Authored by Katelynn Langhans
In 1885, Samuel Clemens published The Adventures of Huckleberry Finn under the pen name, Mark Twain. The original manuscript resides at the Buffalo and Erie County Public Library where visitors are allowed to view it in the Mark Twain Room.
It is not exactly known when the manuscript was published, but in November of 1885, the manuscript arrived in Buffalo, NY. It was addressed to the Young Men’s Association which would eventually become the Buffalo and Erie County Public Library. Sent from Hartford, Connecticut the package only contained “approximately half the manuscript (487 leaves) of the recently published and controversial novel” (BECPL, n.d.). The two halves wouldn’t be reunited again until more than a hundred years later. On July 28, 1992 the second half of the manuscript finally came home (BECPL, n.d.).
Written in Mark Twain’s handwriting, The Adventures of Huckleberry Finn, emphasizes racism, educational criticism and social roles in America during the 19th century.
The Adventures of Huckleberry Finn is about a southern adolescent white boy who runs away with an adult black slave to help him escape and gain freedom. At the end of the novel, the reader learns that Jim, the black slave, has been free for most of the book. This highlights that Jim is not property, but he is a human being and should be treated as such.
It has received praise and criticism from many scholars and academia over the years. “From 1885 to the present moment, Huck Finn has been banned from the shelves of libraries and schools throughout the nation” (Sloane 1988, 4). Library members said the work of fiction was vulgar, rough and contained ignorant dialect (Vickers 2007, 22). The most controversial word in the book is “nigger” which at the time was common slang. Today, it is considered offensive by almost every reader.
Throughout the novel, violence towards African Americans is understated. While many turned a blind eye at this behavior during the 1800s, it has defined generations beyond the novel’s time. “Many older African American[s]… grew up with the message that they were less than human” (Trotman 2008, 125). Similar passages are depicted multiple times throughout the novel:
Good gracious! Anybody hurt?
No’m. Killed a nigger.
Well, it’s lucky because sometimes people do get hurt.
(Twain 1981, 213)
The Adventures of Huckleberry Finn has depicted African Americans as uneducated, worthless and something to be bought and sold. They were property. This manuscript has helped define American History. It has thrived and grown as a teaching tool to discuss the violence and racism of America during the 1800s.

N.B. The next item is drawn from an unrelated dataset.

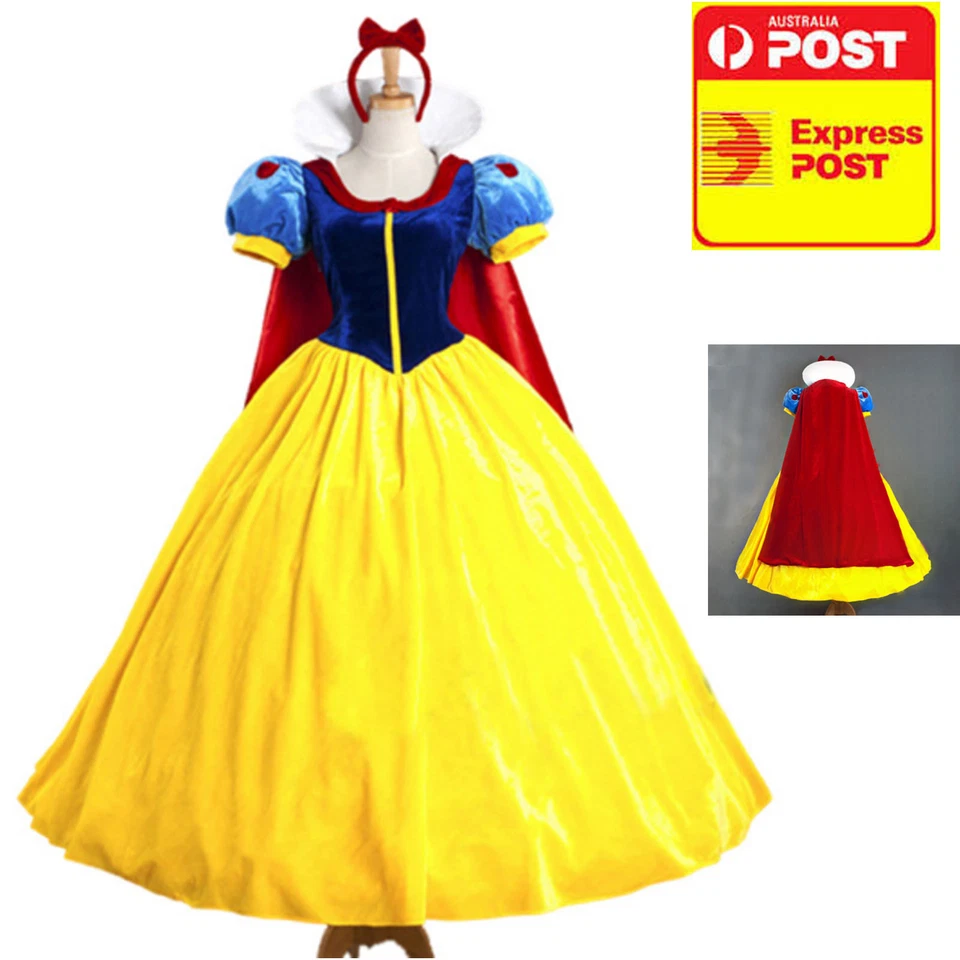 Vestido largo de lujo de película Blancanieves para adultos con cosplay + tocado S M L XL XXL AUSTOCK Foto 2 de 2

Because of this deception, African Americans have not been presented through the Vincentian Lens. “Meanings applied to objects through the assignments of words…grounded within a specific context of personal history and traditional practices from a specific time and culture” (Angel n.d., 5).
Even though African Americans were treated badly throughout the novel, Jim was liked by readers at the end of the book. It was not because he was black or white, it was based off of his character. This is what it means to present history through a Vincentian Lens. Mark Twain brought out the humanness in society. Even though it’s been banned across the nation, the Buffalo and Erie County Public Library is proud to be the home of this famous manuscript.
Angel, Christine M. n.d. “Information Representation through the Vincentian Lens of Transparency: Providing the Under and Misrepresented with a Voice within Our Cultural Heritage Records.” Evolution of Teaching Philosophy: 1–7. https://docs.google.com/document/d/1VkY3xbRv1Ikuny5LApVmVWmSiZ81OTtUyJ6aSl_I3xo/.
BECPL. n.d. “Digitized Version of Adventures of Huckleberry Finn.” Accessed March 7, 2020. https://www.buffalolib.org/mark-twain-room/huck-finn-manuscript
Sloane, David E. E. 1988. Adventures of Huckleberry Finn: American Comic Vision. Boston: G. K. Hall & Co.
Trotman, Frances K. 2008. “Historical, Economic, and Political Contexts of Aging in African American.” Journal of Women & Aging 14:3-4, 121-138 DOI: 10.1300/ J074v14n03_08
Twain, Mark. 1981. The Adventures of Huckleberry Finn. New York: Bantam Books.
Vickers, Rebecca. 2007. The Story Behind Mark Twain’s The Adventures of Huckleberry Finn. Chicago: Heinemann Library.